I thought it was very interesting the third degree grill I got when I arrived in Ireland. I don't know if the working New Zealanders have given us all a bad name, but the visa processor didn't look all that thrilled about me. I said I was leaving Sunday, and so he gave me permission to stay until Monday. Is that stingy or nasty or just realistic? I was being honest so it's really not a big deal, but I've got 30 days by right, so it's a good thing that I didn't actually need to change my flight and then have to deal with visa extension issues. [The other interesting thing is that since travelling I haven't gotten any subsequent stamps. Switzerland doesn't stamp NZ passports (it seems), and neither did Austria or Latvia or any other place in the EU. Very interesting!! I wonder if I'll get a stamp going out tomorrow?]
I was amazed in Ireland how prevalent the crime was--how dirty it was, I guess. The busses had drivers enclosed in a secure box, there were fences and guards for parking lots, there were dubious looking men loitering everywhere! A sign of their struggling poverty-ridden past?
It was a bit depressing as well. Cloudy grey colored homes, and of course the drizzling rain didn't help. No wonder so many people left for centuries since they couldn't find jobs either. Apparently the immigration rate is less than the emigration rate for the first time this year!

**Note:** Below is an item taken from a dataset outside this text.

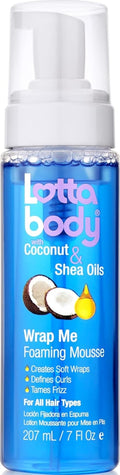 Lottabody Wrap Me Foaming Mousse with Coconut & Shea Oils. Lightweight Moisture-Rich Curl-Defining & Frizz-Control Styling Mousse for Natural Curly. Coily & Relaxed Hair. 7 oz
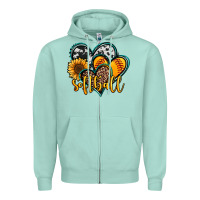 Seafoam softball hearts Zipper Hoodie - Jasminsmagicworld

I love the gaelic everywhere--it was a fascinating sound to my ears--the tones and sounds seemed the same as English (there were no nasal/guttoral/foreign sounds), yet of course I couldn't understand a word. German and French--they sound foreign, but initially, Gaelic doesn't!!
Aer Lingus impressed me as an airline. It was efficient, cheap and good quality. They had one of the best entertainment on demand systems that I've seen. The food left a little to be desired, and was all on disposable stuff (so much for being green!). The one annoying thing, though, was that they kept trying to sell things!! The duty free, a special perfume, a special phone card, the drinks, or other extras! And they kept interrupting the movies I was watching to talk about it--first in English, then in Gaelic (and German for Switzerland). I suppose it only helps them to make money for the airline, but it was not a good thing for me!
The little airport in Dublin (which turned out to be not so little), looked like it was built in the 1960s (or at least the part I arrived in did--the rest, though modern, was still stiflingly crowded in spite of modernity!). It appeared quaint at first, but then I noticed all the dodgy men hanging around eyeing my bag.
The interesting question I had when I was there was whether I would like to live there. It was so dreary, and SO expensive (more so, on retrospection after comparison with the rest of Europe/the EU). But it was so alive and there was English everywhere (which I do miss). I do like pubs over bars (far more social).
The most interesting thing I found while I was there though, was listening to the accent. I was amazed to discover that it has many connections to the American accent. Now this is probably because the American English was sharply dominated by Irishmen. From far, it could have been either accent, though of course, once closer, it was easy to distinguish between them. Just an interesting thought!!
I am ashamed to admit that I ate Burger King while I was there. But, I did look to eat some fish and chips in a pub... they were 11.95 euro, while BK was only 6.85... does that justify it? I was so hungry!! The euro was such a shock though! Maybe it was just Ireland! Changing US$400 and only getting 250 euro, though... now that was painful!!
The jackets in Ireland were something to notice. Not the style, but the fact that people were wearing them. In Canada, the cold didn't seem to touch the locals, who wore t-shirts everywhere. Why were the Irish so wimpy that they needed them? Surely their winters are cold enough that the "warmth" of the summers should ensure they don't need them? :) If there are any Irish readers, no doubt they are insulted!!
Okay, this random assortment of observations is done now. Hope you can make sense of it!!